● EXERCISE DETAILS
Reproduce, please, only the lines from the first line below to the line containing "Les Amis Basic Striped Top In Taupe In Multi", inclusive.

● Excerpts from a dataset

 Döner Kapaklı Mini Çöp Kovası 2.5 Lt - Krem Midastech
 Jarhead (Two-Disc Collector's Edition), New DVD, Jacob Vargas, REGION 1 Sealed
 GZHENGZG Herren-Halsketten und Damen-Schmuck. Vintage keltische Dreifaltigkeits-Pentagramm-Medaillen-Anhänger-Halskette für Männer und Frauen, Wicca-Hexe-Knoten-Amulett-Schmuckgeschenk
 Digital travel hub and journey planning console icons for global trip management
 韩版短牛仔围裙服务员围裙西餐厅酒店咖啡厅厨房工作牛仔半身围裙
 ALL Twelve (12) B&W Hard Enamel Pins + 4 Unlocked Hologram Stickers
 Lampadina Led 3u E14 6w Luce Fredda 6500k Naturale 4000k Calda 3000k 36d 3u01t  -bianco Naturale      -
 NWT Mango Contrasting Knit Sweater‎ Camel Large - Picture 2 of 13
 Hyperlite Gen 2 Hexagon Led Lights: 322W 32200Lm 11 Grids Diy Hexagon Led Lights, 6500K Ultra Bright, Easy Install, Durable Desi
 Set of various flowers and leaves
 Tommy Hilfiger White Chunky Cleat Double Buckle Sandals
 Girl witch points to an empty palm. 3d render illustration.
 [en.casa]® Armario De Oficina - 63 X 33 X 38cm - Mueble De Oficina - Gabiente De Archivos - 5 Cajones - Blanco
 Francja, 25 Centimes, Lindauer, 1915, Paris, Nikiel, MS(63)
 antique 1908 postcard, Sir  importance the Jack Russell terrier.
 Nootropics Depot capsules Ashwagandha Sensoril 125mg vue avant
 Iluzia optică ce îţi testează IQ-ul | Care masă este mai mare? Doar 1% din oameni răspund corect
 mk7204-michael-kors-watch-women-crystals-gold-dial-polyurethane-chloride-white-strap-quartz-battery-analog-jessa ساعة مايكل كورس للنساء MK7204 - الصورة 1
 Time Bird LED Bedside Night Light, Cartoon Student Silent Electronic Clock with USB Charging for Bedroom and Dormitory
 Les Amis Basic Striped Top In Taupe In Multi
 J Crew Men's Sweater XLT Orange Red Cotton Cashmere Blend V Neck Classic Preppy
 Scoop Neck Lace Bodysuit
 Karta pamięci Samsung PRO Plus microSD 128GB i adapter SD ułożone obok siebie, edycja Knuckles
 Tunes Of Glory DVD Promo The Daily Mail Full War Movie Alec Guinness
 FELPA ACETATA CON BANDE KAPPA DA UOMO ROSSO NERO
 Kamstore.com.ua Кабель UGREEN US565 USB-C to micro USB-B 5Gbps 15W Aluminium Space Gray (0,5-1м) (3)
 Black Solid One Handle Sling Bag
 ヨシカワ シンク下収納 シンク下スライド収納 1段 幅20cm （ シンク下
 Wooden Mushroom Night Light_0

● WRITTEN RESPONSE
 Döner Kapaklı Mini Çöp Kovası 2.5 Lt - Krem Midastech
 Jarhead (Two-Disc Collector's Edition), New DVD, Jacob Vargas, REGION 1 Sealed
 GZHENGZG Herren-Halsketten und Damen-Schmuck. Vintage keltische Dreifaltigkeits-Pentagramm-Medaillen-Anhänger-Halskette für Männer und Frauen, Wicca-Hexe-Knoten-Amulett-Schmuckgeschenk
 Digital travel hub and journey planning console icons for global trip management
 韩版短牛仔围裙服务员围裙西餐厅酒店咖啡厅厨房工作牛仔半身围裙
 ALL Twelve (12) B&W Hard Enamel Pins + 4 Unlocked Hologram Stickers
 Lampadina Led 3u E14 6w Luce Fredda 6500k Naturale 4000k Calda 3000k 36d 3u01t  -bianco Naturale      -
 NWT Mango Contrasting Knit Sweater‎ Camel Large - Picture 2 of 13
 Hyperlite Gen 2 Hexagon Led Lights: 322W 32200Lm 11 Grids Diy Hexagon Led Lights, 6500K Ultra Bright, Easy Install, Durable Desi
 Set of various flowers and leaves
 Tommy Hilfiger White Chunky Cleat Double Buckle Sandals
 Girl witch points to an empty palm. 3d render illustration.
 [en.casa]® Armario De Oficina - 63 X 33 X 38cm - Mueble De Oficina - Gabiente De Archivos - 5 Cajones - Blanco
 Francja, 25 Centimes, Lindauer, 1915, Paris, Nikiel, MS(63)
 antique 1908 postcard, Sir  importance the Jack Russell terrier.
 Nootropics Depot capsules Ashwagandha Sensoril 125mg vue avant
 Iluzia optică ce îţi testează IQ-ul | Care masă este mai mare? Doar 1% din oameni răspund corect
 mk7204-michael-kors-watch-women-crystals-gold-dial-polyurethane-chloride-white-strap-quartz-battery-analog-jessa ساعة مايكل كورس للنساء MK7204 - الصورة 1
 Time Bird LED Bedside Night Light, Cartoon Student Silent Electronic Clock with USB Charging for Bedroom and Dormitory
 Les Amis Basic Striped Top In Taupe In Multi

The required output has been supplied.